Jenkins L S, Nunn W D
J Bacteriol. 1987 May;169(5):2096-102. doi: 10.1128/jb.169.5.2096-2102.1987.
The expression of the Ato enzymes, acetyl coenzyme A:acetoacetyl coenzyme A transferase and thiolase II, is required for growth of Escherichia coli on short-chain fatty acids. The structural genes for these enzymes, atoD, atoA, and atoB, respectively, make up the ato operon. A 48-kilodalton protein encoded by atoC was required for the synthesis or activation of the Ato enzymes. The expression of Ato enzyme activities was inducible in atoC+ strains, constitutive in atoCc strains, and noninducible in atoC mutants. Merodiploid studies demonstrated that the atoCc allele is trans-dominant to the atoC+ allele. To study the action of the trans-acting atoC-encoded activator, the promoter of the ato operon was fused to the promoterless galK gene and introduced into a low-copy-number vector. The resulting low-copy-number fusion plasmid was introduced into atoC+, atoC, and atoCc hosts. The expression of the fused galK gene was inducible in the atoC+ host, noninducible in atoC host strains, and constitutive when harbored in the atoCc host. This indicated that the atoC+ and atoCc gene products act at the level of transcription, stimulating the expression of the ato operon. A working model consistent with these results is presented.

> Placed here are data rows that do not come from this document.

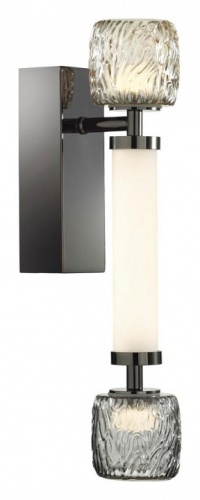 Бра Odeon Light Kliff 5427/13WL в Нижнем Новгороде фото 5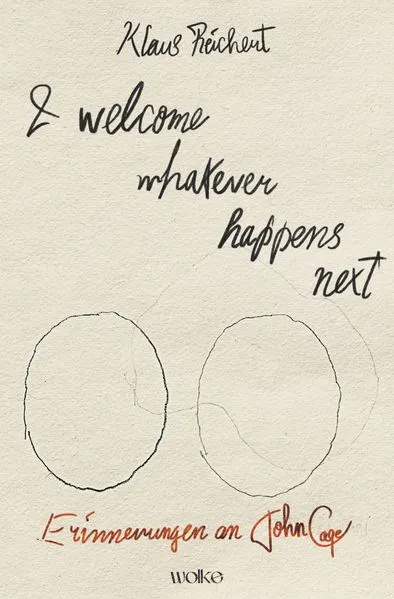 I welcome whatever happens next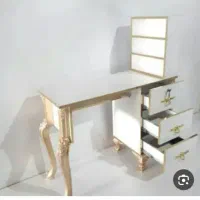 میز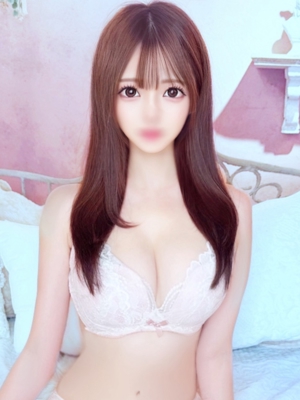 れのん【甘えん坊濃密フェラ】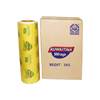 Picture of Kuwaitina Cling Film 5kg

大肠杆菌在短链脂肪酸上生长需要乙酰辅酶A:乙酰乙酰辅酶A转移酶(Ato酶)和硫解酶II的表达。这些酶的结构基因分别为atoD、atoA和atoB,它们共同构成了ato操纵子。atoC编码的一种48千道尔顿的蛋白质是合成或激活Ato酶所必需的。在atoC⁺菌株中,Ato酶活性的表达是可诱导的;在atoCc菌株中是组成型的;而在atoC突变体中是不可诱导的。部分二倍体研究表明,atoCc等位基因对atoC⁺等位基因是反式显性的。为了研究由atoC编码的反式作用激活剂的作用,将ato操纵子的启动子与无启动子的galK基因融合,并导入低拷贝数载体。将得到的低拷贝数融合质粒导入atoC⁺、atoC和atoCc宿主中。融合的galK基因的表达在atoC⁺宿主中是可诱导的,在atoC宿主菌株中是不可诱导的,而当存在于atoCc宿主中时是组成型的。这表明atoC⁺和atoCc基因产物在转录水平起作用,刺激ato操纵子的表达。本文提出了一个与这些结果一致的工作模型。